_WHAT YOU NEED TO DO_.
Only an exact copy belongs in the answer: the line with "Alkohol - Cool" and every line after it through the end of the records, pictures left out.

_ENTRIES SUPPLIED_.
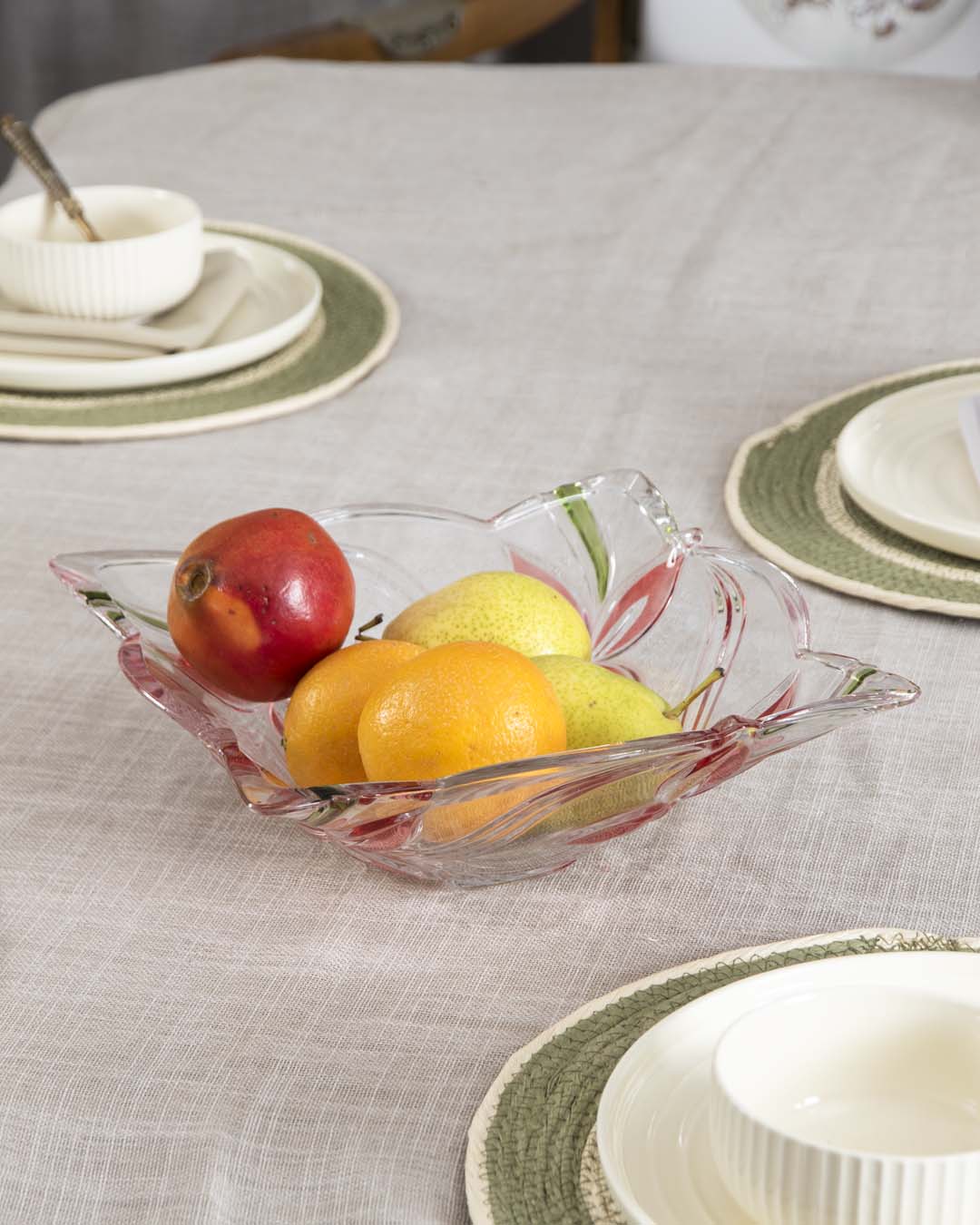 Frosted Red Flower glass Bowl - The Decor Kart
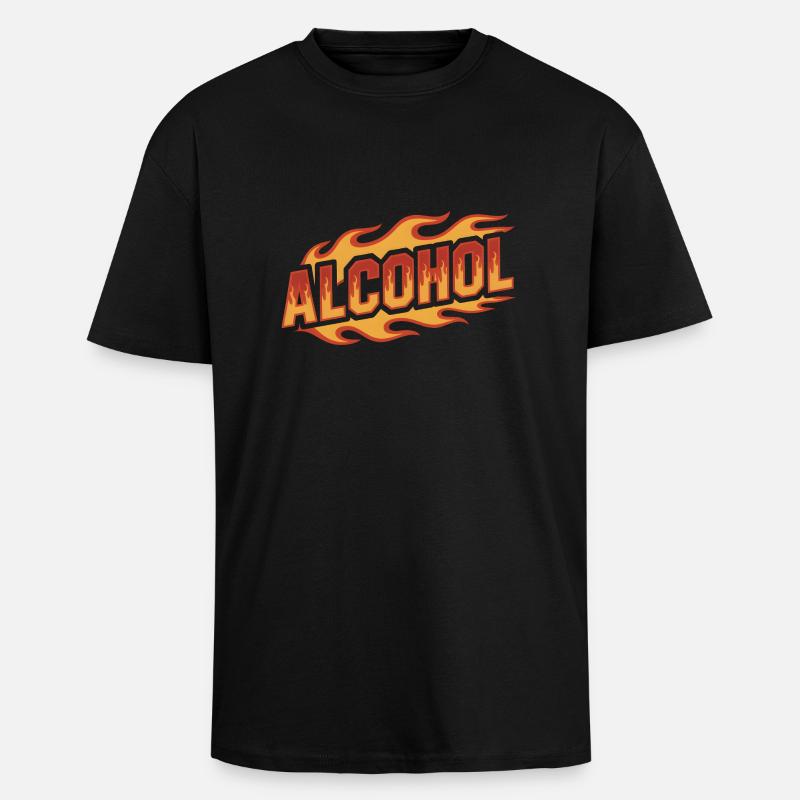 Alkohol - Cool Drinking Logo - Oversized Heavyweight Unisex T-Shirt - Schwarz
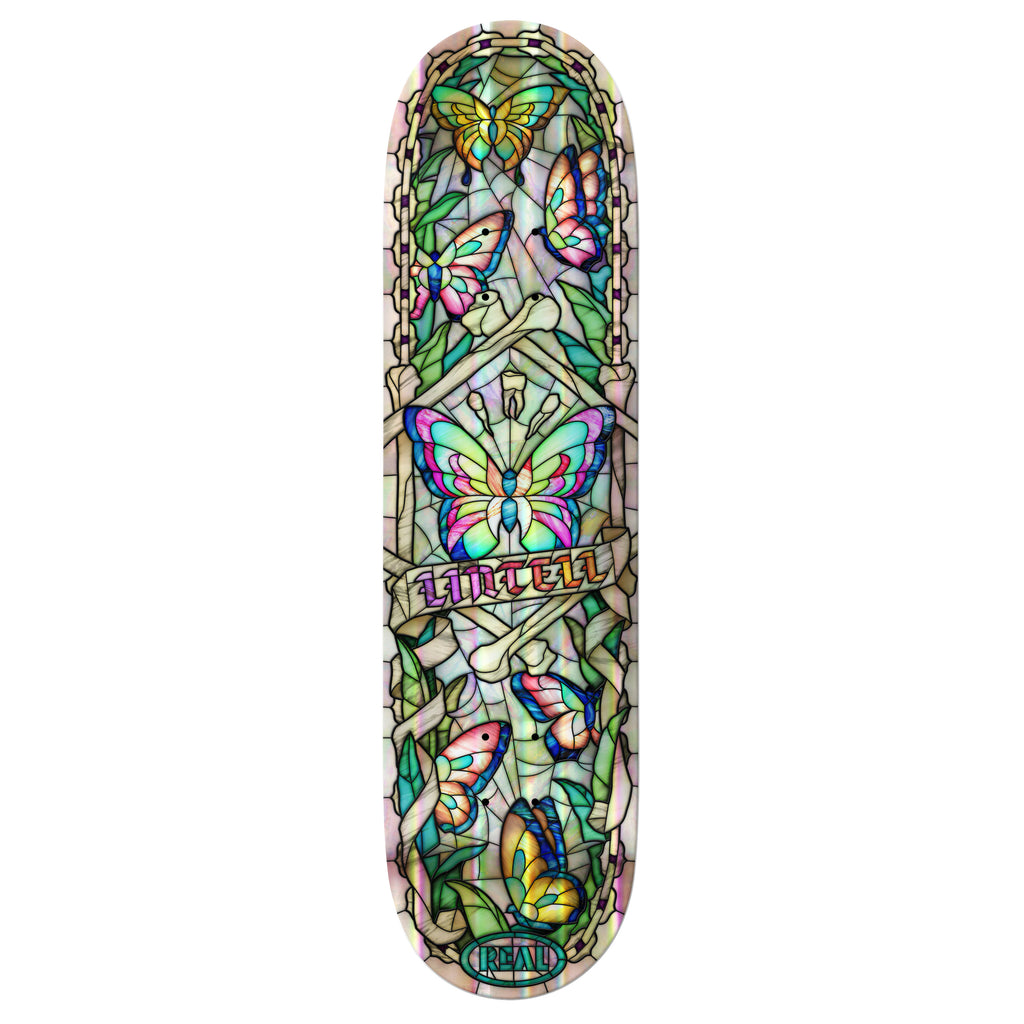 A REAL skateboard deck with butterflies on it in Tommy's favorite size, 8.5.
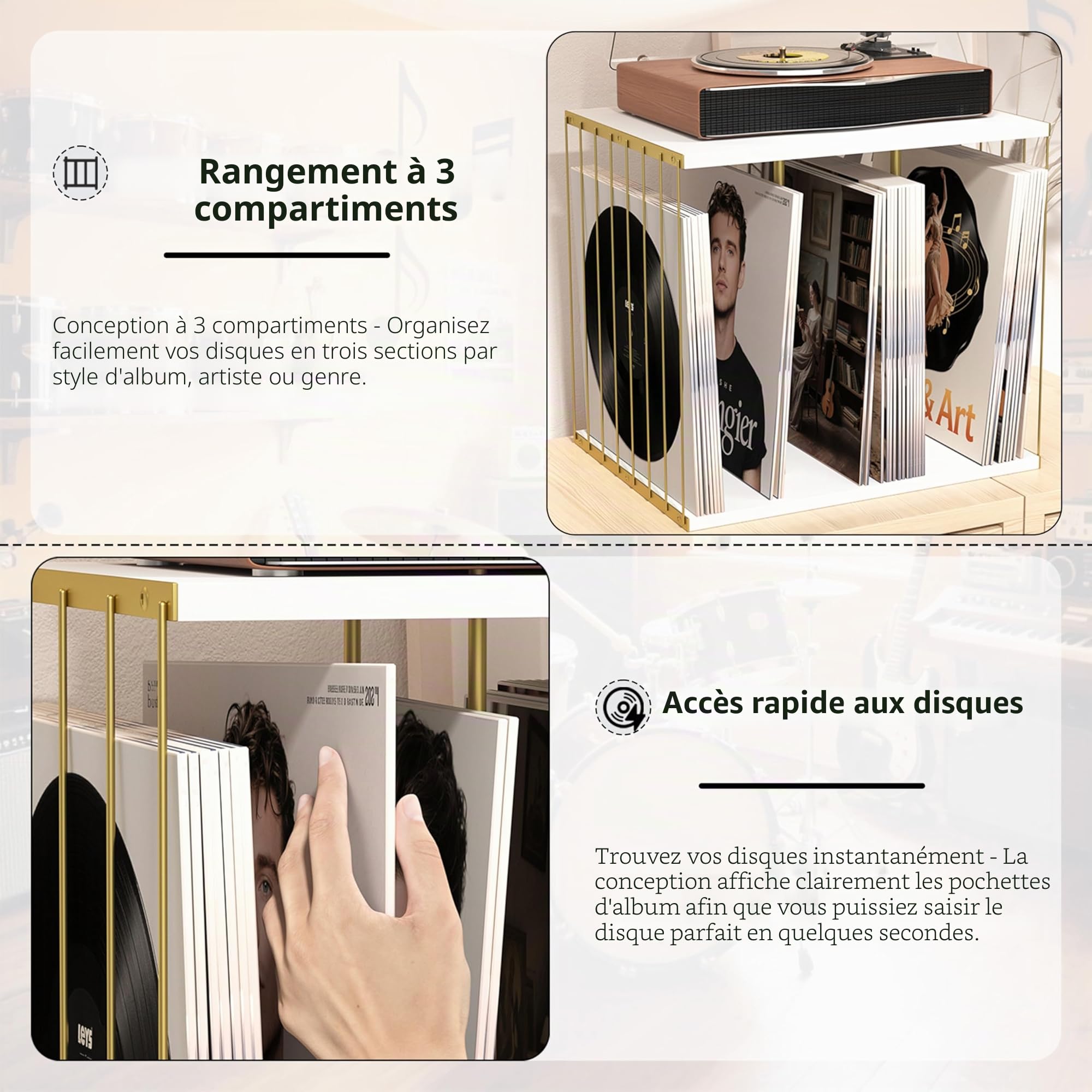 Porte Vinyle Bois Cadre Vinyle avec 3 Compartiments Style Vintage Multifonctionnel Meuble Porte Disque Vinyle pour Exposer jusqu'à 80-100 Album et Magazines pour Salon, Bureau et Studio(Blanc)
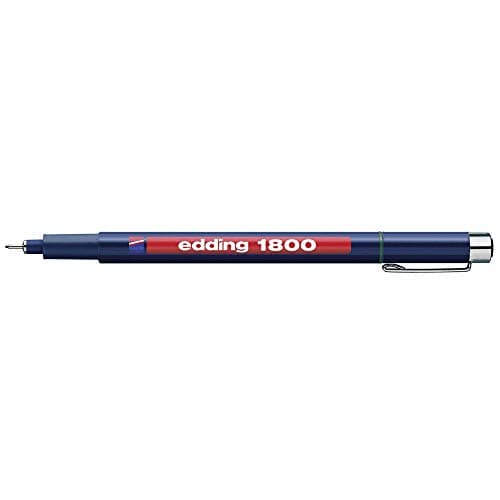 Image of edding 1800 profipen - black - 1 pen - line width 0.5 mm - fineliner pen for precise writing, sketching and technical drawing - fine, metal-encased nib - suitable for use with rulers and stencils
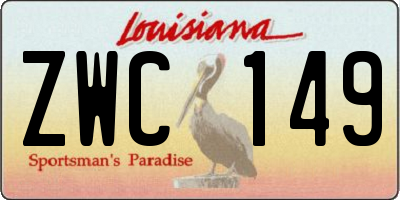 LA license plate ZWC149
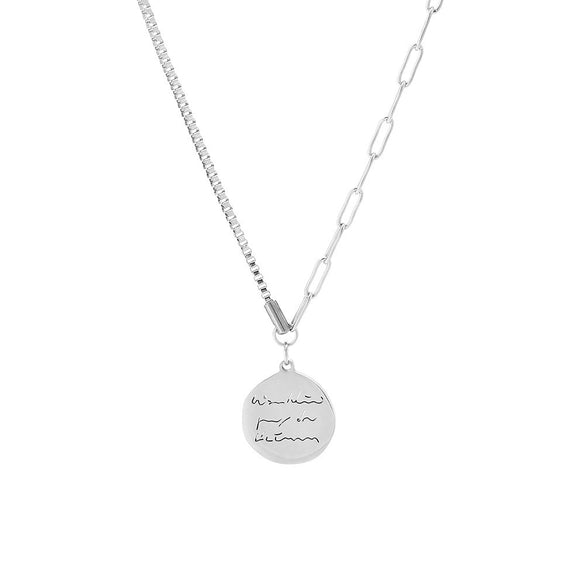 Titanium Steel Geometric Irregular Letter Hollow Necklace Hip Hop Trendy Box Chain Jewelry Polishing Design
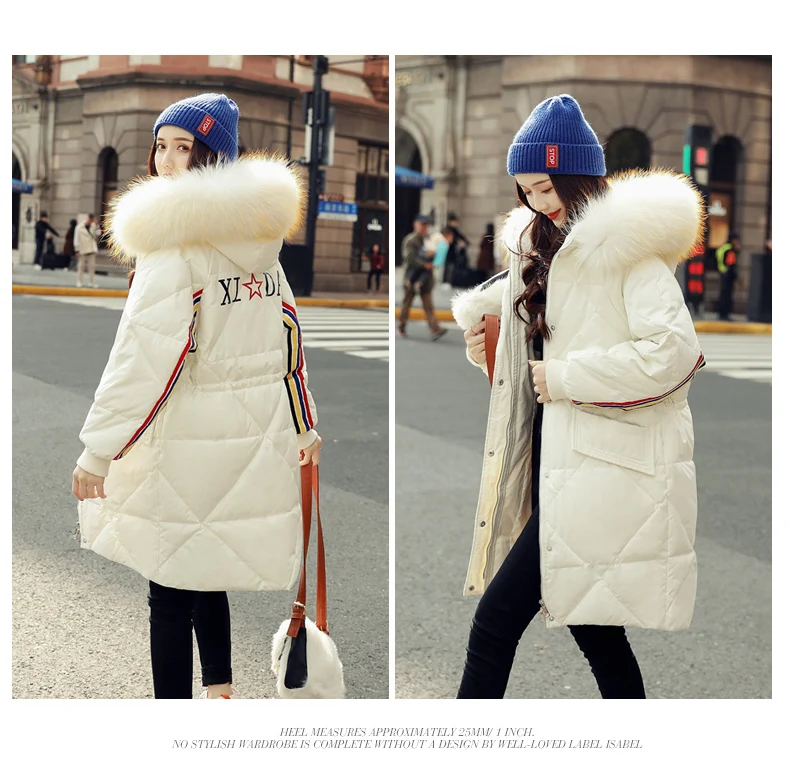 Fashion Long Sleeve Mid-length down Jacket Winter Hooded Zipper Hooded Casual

_TASK RESPONSE_.
 Alkohol - Cool Drinking Logo - Oversized Heavyweight Unisex T-Shirt - Schwarz
 A REAL skateboard deck with butterflies on it in Tommy's favorite size, 8.5.
 Porte Vinyle Bois Cadre Vinyle avec 3 Compartiments Style Vintage Multifonctionnel Meuble Porte Disque Vinyle pour Exposer jusqu'à 80-100 Album et Magazines pour Salon, Bureau et Studio(Blanc)
 Image of edding 1800 profipen - black - 1 pen - line width 0.5 mm - fineliner pen for precise writing, sketching and technical drawing - fine, metal-encased nib - suitable for use with rulers and stencils
 LA license plate ZWC149
 Titanium Steel Geometric Irregular Letter Hollow Necklace Hip Hop Trendy Box Chain Jewelry Polishing Design
 Fashion Long Sleeve Mid-length down Jacket Winter Hooded Zipper Hooded Casual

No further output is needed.